• **Supplied material**

==========

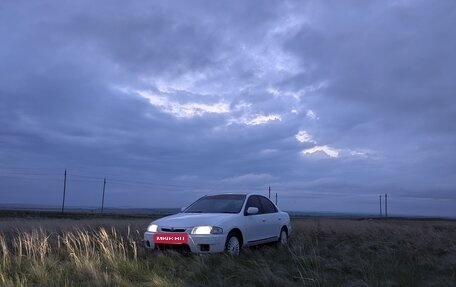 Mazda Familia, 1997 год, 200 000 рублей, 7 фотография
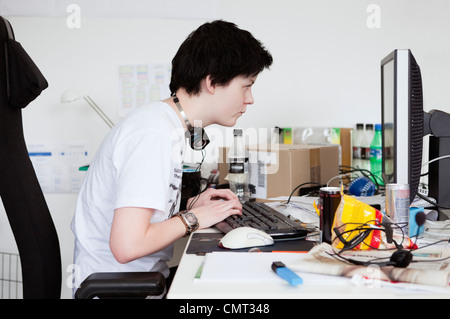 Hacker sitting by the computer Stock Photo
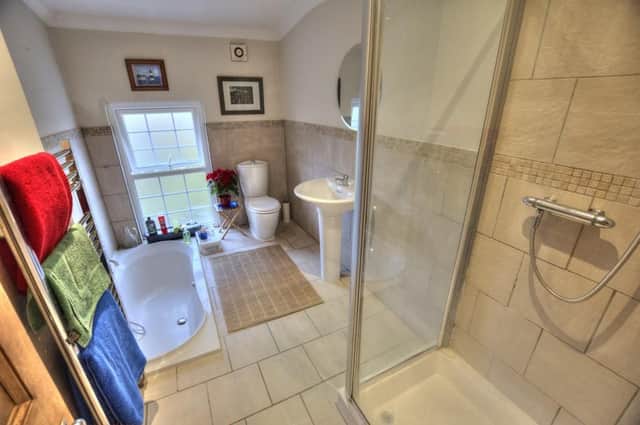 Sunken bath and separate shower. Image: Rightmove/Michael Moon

==========

• **Your objective**
Reproduce the material word for word, but without its images.

• **Reply**
 Mazda Familia, 1997 год, 200 000 рублей, 7 фотография
 Hacker sitting by the computer Stock Photo
 Sunken bath and separate shower. Image: Rightmove/Michael Moon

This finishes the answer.